U.S. District Judge Legrome D. Davis of the Eastern District of Pennsylvania, most recently known for presiding over Philadelphia’s Amtrak multidistrict litigation, is taking senior status, the clerk of courts announced Thursday.
Davis, who has been on the federal bench for roughly 15 years, was a judge in the Criminal Division of the Philadelphia Court of Common Pleas from 1987 to 2002. Before becoming a judge, Davis was a prosecutor in the Philadelphia District Attorney’s Office.
A call seeking comment to Davis’ chambers was not returned Thursday.
U.S. District Chief Judge Lawrence F. Stengel, Davis’ boss and colleague, had only good things to say about him.
“He is a very successful and respected trial judge, he has a wealth of experience in the state and federal courts,” Stengel said. “Judge Davis has been well regarded by the lawyers who tried cases in front of him.”
He added, “He has always been productive, he’s thoughtful in his decisions, and he’s very hardworking and has always seemed to me to have a commitment to achieving a just result.”

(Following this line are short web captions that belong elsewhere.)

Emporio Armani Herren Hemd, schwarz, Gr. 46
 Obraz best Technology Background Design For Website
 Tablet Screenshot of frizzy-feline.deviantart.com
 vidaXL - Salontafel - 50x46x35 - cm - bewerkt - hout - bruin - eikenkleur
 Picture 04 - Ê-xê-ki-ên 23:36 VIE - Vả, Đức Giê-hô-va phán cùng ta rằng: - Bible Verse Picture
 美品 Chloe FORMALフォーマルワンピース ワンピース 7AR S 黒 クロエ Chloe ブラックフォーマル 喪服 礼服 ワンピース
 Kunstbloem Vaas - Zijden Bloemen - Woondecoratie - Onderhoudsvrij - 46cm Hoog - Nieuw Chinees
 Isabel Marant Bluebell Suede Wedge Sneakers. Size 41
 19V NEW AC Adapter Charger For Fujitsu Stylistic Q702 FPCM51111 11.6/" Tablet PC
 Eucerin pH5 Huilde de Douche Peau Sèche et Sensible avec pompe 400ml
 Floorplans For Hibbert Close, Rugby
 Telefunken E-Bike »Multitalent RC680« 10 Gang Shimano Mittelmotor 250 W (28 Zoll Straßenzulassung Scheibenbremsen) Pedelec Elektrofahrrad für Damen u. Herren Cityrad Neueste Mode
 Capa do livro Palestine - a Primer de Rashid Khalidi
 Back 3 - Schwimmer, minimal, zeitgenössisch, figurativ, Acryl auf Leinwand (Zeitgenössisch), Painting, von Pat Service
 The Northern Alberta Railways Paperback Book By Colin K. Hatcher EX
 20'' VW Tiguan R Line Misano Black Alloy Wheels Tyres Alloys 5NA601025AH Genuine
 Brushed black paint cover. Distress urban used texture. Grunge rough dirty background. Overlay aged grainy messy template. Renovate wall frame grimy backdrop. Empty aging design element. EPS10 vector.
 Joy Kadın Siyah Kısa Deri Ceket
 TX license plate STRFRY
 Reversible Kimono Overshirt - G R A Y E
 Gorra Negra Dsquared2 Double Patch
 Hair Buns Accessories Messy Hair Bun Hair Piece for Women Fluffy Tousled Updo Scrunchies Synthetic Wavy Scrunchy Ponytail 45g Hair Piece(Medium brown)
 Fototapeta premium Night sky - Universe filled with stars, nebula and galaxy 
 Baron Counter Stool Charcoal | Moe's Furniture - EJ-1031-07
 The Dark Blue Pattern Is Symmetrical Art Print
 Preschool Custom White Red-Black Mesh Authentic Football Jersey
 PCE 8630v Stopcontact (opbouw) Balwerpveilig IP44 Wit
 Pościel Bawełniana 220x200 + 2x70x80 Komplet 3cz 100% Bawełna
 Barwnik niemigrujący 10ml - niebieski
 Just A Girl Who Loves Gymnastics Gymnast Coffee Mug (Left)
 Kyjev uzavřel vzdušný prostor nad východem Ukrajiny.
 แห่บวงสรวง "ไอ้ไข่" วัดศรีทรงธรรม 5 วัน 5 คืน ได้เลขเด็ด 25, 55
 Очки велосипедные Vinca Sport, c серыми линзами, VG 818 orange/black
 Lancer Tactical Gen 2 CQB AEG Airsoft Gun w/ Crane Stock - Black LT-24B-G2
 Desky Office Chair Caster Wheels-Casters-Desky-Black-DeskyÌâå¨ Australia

Stengel called Davis’ handling of the Amtrak derailment MDL a model for presiding over complex civil litigation.
It is unclear whether Davis will continue with a full caseload, or take a reduced schedule, which is an option for senior judges.
If he opts for the latter, Stengel said the court’s ability to handle cases efficiently will not be affected.
“The plan simply is that a senior judge takes cases under our random assignment process and if he or she elects to take a reduced caseload, then there are more cases that go on the assignment wheel for the rest of the bench,” Stengel said.
In the Amtrak MDL, Davis was responsible for coordinating the flow of a case that had thousands of pages of documents and plaintiffs from multiple states.
Davis approved the $265 million settlement in the Amtrak multidistrict litigation Oct. 27, 2016, which reflected the “present value” of the federally capped $295 million damages limit for which Amtrak can be held liable.